Le gouvernement entendait limiter la CDHR dans le temps. Seuls les revenus de 2024, 2025 et 2026 auraient été concernés. Mais les députés en ont décidé autrement. Joignant ses voix à celles du Nouveau Front Populaire, le MoDem s’est prononcé pour la pérennisation de la CDHR.

Là c’est une mesure de justice fiscale, et moi je pense qu’une mesure de justice fiscale n’est pas limitée dans le temps. Il est un peu ridicule de la limiter dans le temps si elle est bien étudiée, bien paramétrée, bien équilibrée. On voit qu’on a encore à travailler sur le texte. Je pense qu’il n’y a pas de raison qu’on la limite dans le temps.

Jean-Paul Mattei, le 16/10/2024

Et plus question de passer à travers les mailles du filet. La CDHR devait initialement viser 62 000 foyers. Pas de bol, Bercy s’est aperçu après coup qu’en faisant jouer certains avantages fiscaux, la mesure ne toucherait que 24 000 foyers. Un amendement de Charles de Courson, le rapporteur LIOT de la Commission des finances, a mis bon ordre en écartant tous les contournements possibles. Résultat, les deux milliards d’euros que la CDHR doit générer seront au rendez-vous.

Pour faire bonne mesure, emmenés par Jean-Paul Mattei, les députés ont musclé le prélèvement forfaitaire unique – le PFU – qui s’applique aux revenus de l’épargne et du capital à l’exception de l’immobilier. Son taux passe de 30 % à 33 %. Enfin, les députés de la Commission des finances ont adopté un amendement taxant les superdividendes des entreprises. Celui-ci avait été voté dans le budget 2023, mais le recours à l’article 49-3 avait permis au gouvernement de le faire disparaître.

Une Commission d’enquête sur les dérives des finances publiques

Le MoDem qui se retrouve main dans la main avec le Nouveau Front Populaire et le groupe LIOT, voilà qui n’augure rien de bon pour le gouvernement dans la discussion budgétaire. Ce n’est pas la seule ombre au tableau pour Michel Barnier. La Commission des finances va se transformer en Commission d’enquête sur les dérives des finances publiques. Dans son viseur, Bruno Le Maire, bien sûr. Mais pas seulement.

On focalise sur monsieur Bruno Le Maire. Ce n’est pas le seul responsable de la situation passée. On va entendre les responsables politiques de l’époque, les responsables politiques aujourd’hui, on peut aussi entendre les fonctionnaires du Trésor, on peut entendre les institutions comme le Haut commissariat des finances publiques, le gouverneur de la Banque de France, des économistes, donc ça va être assez varié.

Moi, la question qui m’intéresse c’est plus de comprendre comment on en est arrivé là.

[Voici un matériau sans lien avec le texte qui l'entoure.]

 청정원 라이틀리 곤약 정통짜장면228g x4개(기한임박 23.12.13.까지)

Et comment on en est arrivé là c’est moins les décisions d’un homme que peut-être les errements d’une politique Et là ça concerne beaucoup plus de gens qu’une seule personne.

Éric Coquerel, député LFI et président de la Commission des finances de l’Assemblée nationale, le 15/10/2024

Chez les macronistes, on veut bien de la Commission d’enquête à condition que Bruno Le Maire ne soit pas le seul à payer l’addition.

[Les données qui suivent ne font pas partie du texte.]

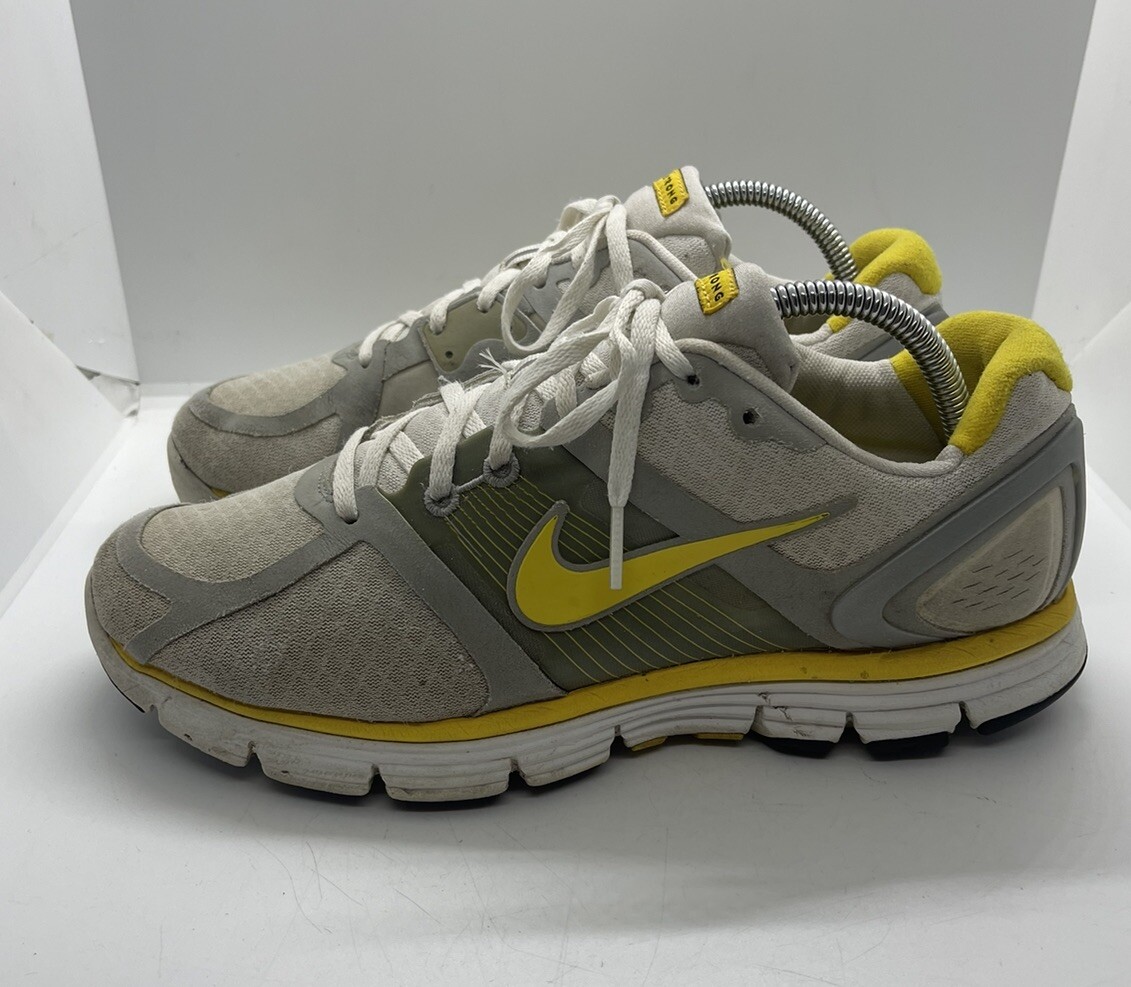 Nike Livestrong Running Shoes White Gray Synthetic Women’s Size 10 390185-100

Je suis pour à condition qu’elle soit honnête et qu’elle permette de dégager la vérité. La vérité de ce qui a été fait par le gouvernement, de ce qui a été fait par l’administration, de ce qui a été aussi l’action des oppositions, qui, je le rappelle quand même, pendant sept ans nous ont dit que nous ne dépensions pas assez dans un certain nombre de domaines au moment de certaines crises et qui aujourd’hui viennent nous dire qu’on a trop dépensé.

Pieyre-Alexandre Anglade, député EPR, le 16/10/2024

Eric Ciotti espère que la Commission d’enquête mettra en évidence les pressions qui se sont exercées sur le ministre de l’Économie.

Pourquoi il y a cet écart de plus de 50 milliards d’euros entre les prévisions et les réalisations ? Je pense que derrière tout ça il y a de la dissimulation politique à la veille des élections européennes, et que le gouvernement n’a pas dit la vérité. Monsieur Le Maire l’a quelque part laissé entendre.

Est-ce qu’il a subi des pressions, des instructions de la part du président de la République, notamment ? Nous lui demanderons.

Éric Ciotti, député UDR et président du groupe UDR à l’Assemblée nationale, le 15/10/2024

Les petites réunions de Bruno Le Maire

Pour lui demander, il suffisait au président de l’UDR d’attendre le lendemain de traverser la place du Palais Bourbon. Par un heureux hasard, Bruno Le Maire réunissait ce mardi-là, jour d’affluence, ses soutiens dans un restaurant proche du Palais Bourbon : l’Hémicycle. Comme s’il entendait signifier que l’heure de la contre-attaque allait venir. Et qu’il ne serait pas le seul à endosser la responsabilité du déficit. La création d’une commission d’enquête ne semble pas inquiéter outre mesure ses partisans.

On n’est pas naïfs non plus. si les oppositions font ça, c’est simplement pour essayer de chercher des responsabilités, de créer de la polémique, de la suspicion.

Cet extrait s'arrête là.